Since 2004, the year the Czech Republic joined the European Union, total number of tourists grew by 16 percent. EU integration generated a boom in low-cost airlines and a rise in the total number of hotel rooms. In August 2008, there were 15 airlines serving Prague with a total of 89,970 weekly seats available (28 percent of the total airline’s capacity). By comparison, in 2004, Prague airport welcomed 13 low-cost carriers with a total of 54,066 weekly seats. It is a jump of 66 percent in just four years. Hotel capacity went up from 31,387 rooms in 2004 to 34,371 rooms up by 9.5 percent.
Prague’s historical heart was carefully rejuvenated over the last two decades. Despite the fact that the 866-ha historical district became a UNESCO World Heritage Site in 1992, little protection to limit the centre’s over-commercialisation took place. Prague is losing its authenticity and is turning to an exquisite baroque decorum. Souvenir vendors, t-shirts shops, Irish pubs and beer gardens expand at quick pace, invading any corner of the old town. Museums with a more or less valuable content settled in many old houses, documenting from medieval torture up to the gloomy days of communist times.

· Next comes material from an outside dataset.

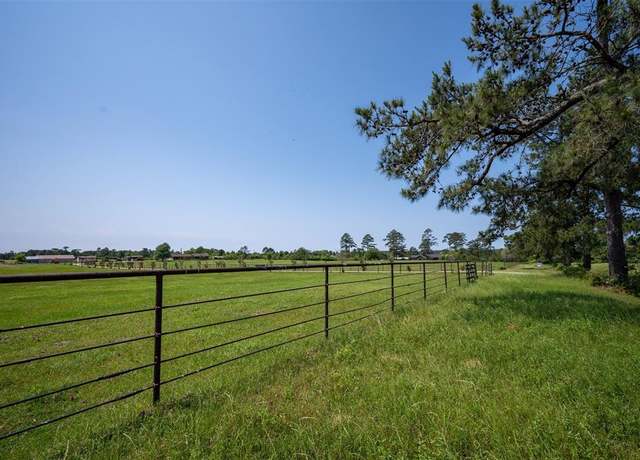 Property at 1588 County Road 1125, Woodville, TX 75979, 3 beds, 1.5 baths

Summer is especially challenging as cafe terraces and beer gardens completely took over the Old City Square (Staromestke Namesti). Tourists are almost queuing along narrow streets to walk from the Old City Square to famous Charles Bridge. The latter with its graceful medieval architecture surrounded by baroque statues has been turned into a handicraft shopping centre, with sellers and their booths disturbing the historical bridge perspective by visually hiding surrounding monuments and statues. To add to the picture, many places that used to be free before, such as toilets in the Prague Castle or old gardens in Mala Strana district, can now be entered only for a fee.

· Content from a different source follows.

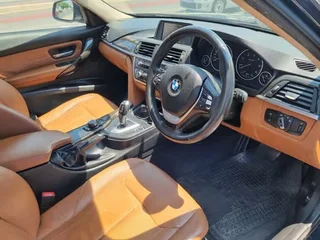 BMW 320i Luxury Line, Blue with 128000km, for sale!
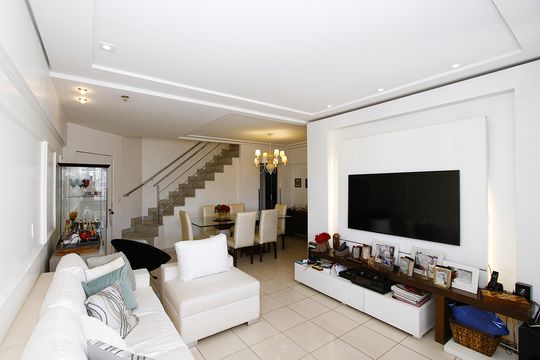 Apartamento à venda com 3 quartos, 245m² em Santo Antônio, Belo Horizonte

It seems that tourism growth remains anarchic as Prague municipality looked for the cheap buck of mass tourism. Prague’s historical centre is turning into a Disneyland as they are barely any locals still living there. Walking at 6:00 am (which is the best time to admire Prague without hordes of tourists) around the old town, there is no sight of a coffee shop, a newsstand or a grocery opened, illustrating that the historical centre wakes up at the same time than its visitors.

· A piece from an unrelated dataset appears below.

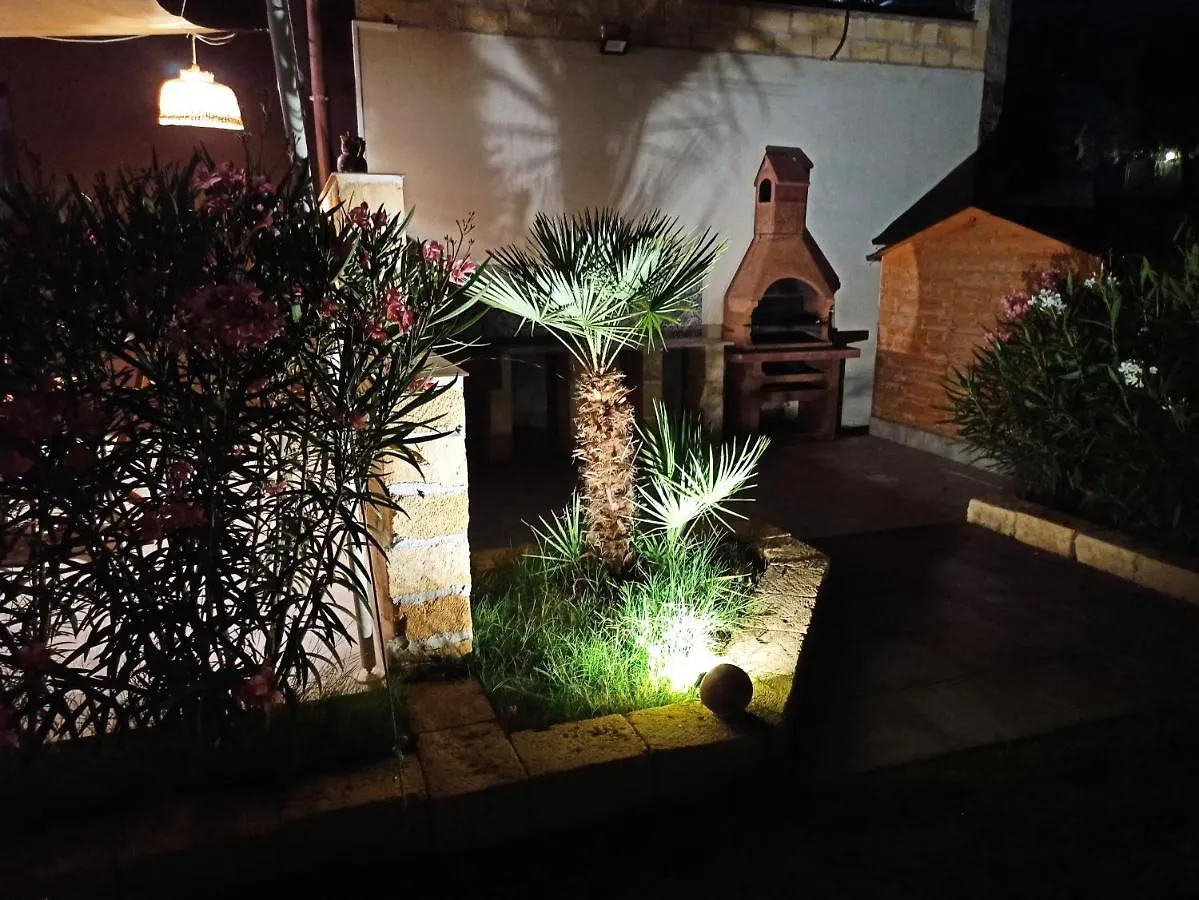 Casa Mango Villa Santa Flavia Italy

To add to the pictures, turning a city into a huge tourist park brought also a lot of undesirable people. Gangs of pickpockets, unscrupulous taxi drivers and cheating foreign exchange places make regularly headlines in many foreign newspapers.
So far, Prague has, however, been able to address a common tourist complain: taxi cheating. Since 2007, special taxi stands (named “Fair Taxi Places”) have been set up all around the city indicating that taxis there are charging the official fares shown on a board. And it works as complaints again taxi drivers dropped sharply since the measure being introduced a year ago.
Will Prague authorities be able to understand that the quick “tourist” buck has definitely spoiled what used to be one of the most atmospheric cities in Europe? It is hard to imagine as long as the pursuit of quick cash will prevail over the sense of beauty.